Syllabus Part Seven (Week Eight)
This week and next we examine the law surrounding the children of gay and lesbian couples. This involves two issues: (a) the law regarding the capacity of gay/lesbian couples to become parents, including the accessibility of adoption and of alternative reproductive technologies (hereinafter ART); and (b) the law regarding parenting disputes between a gay couple where a child came into the relationship but only one of the adults was a biological or adoptive parent and where the two have now ended their adult-adult intimate relationship.
We will examine the ART and the custody/visitation issues in this class and the issues around gay adoption the following week.
We begin with an excerpt from a book chapter by Murphy,considering whether lesbians should be considered infertile, which can affect the ability to access ART technologies and/or health insurance to cover the costs of such technologies and from an article by Storrow, which looks at limitations on access to ART primarily as a problem of married versus single persons (but which also implicates gay/lesbian couples where they are not able to marry).
One of the issues that arises when dealing with ART is that there is definitionally at least one biological parent who will not be part of the family in which the child is reared. The Appell article deals with that issue by raising parallels with the law of adoption (and its move toward “open adoption” in which the biological parent retains recognized ties to the child); the Thomas S. case discusses the very difficult issues when a lesbian couple uses a known sperm donor and disputes arise over what claims he will later have over the child in a dispute with the biological mother and her partner.
We then examine our first dispute between the biological parent and her former partner. In Elisa B. the question is whether the partner should be recognized as a legal parent and thus be liable for child support.

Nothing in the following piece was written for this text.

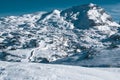 panoramic photo of the snow-capped Soum Couy mountain in winter and below the ski slopes of Arette Royalty Free Stock Photo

The far more common disputes arise when the biological mother seeks to deny access to the child(ren) to her lesbian former partner(to date the cases all seem to involve lesbian couples; though increasing numbers of gay men are raising children and one can expect future disputes when their relationships fail). The recent Polikoff article provides a good summary of the law and a proposal, focusing particularly on what should serve as the basis for a parentage claim when one partner gives birth through ART during the partnership.
I then provide brief excerpts from four cases involving post-breakup custody or visitation claims, two from the 1990s and two from the 2000s, with one each decade recognizing the former partner’s legal claim and one rejecting it. Consider if the differences are explicable by different facts or different state laws or by different judicial approaches, and what you might advise a state legislature seeking to bring clarity to this area of law.
See Holtzman v Knott; Titchenal v Dexter; Janice M v Margaret K and In re Parentage of A. B.
Finally there is an excerpt from one of the many opinions in the saga of Miller-Jenkins v Miller-Jenkins, in which you can see both the impact of the parental civil union and of the federal Parental Kidnapping Protection Act where the biological mother had moved to Virginia (a mini-DOMA state) with the child and the partner remained in Vermont!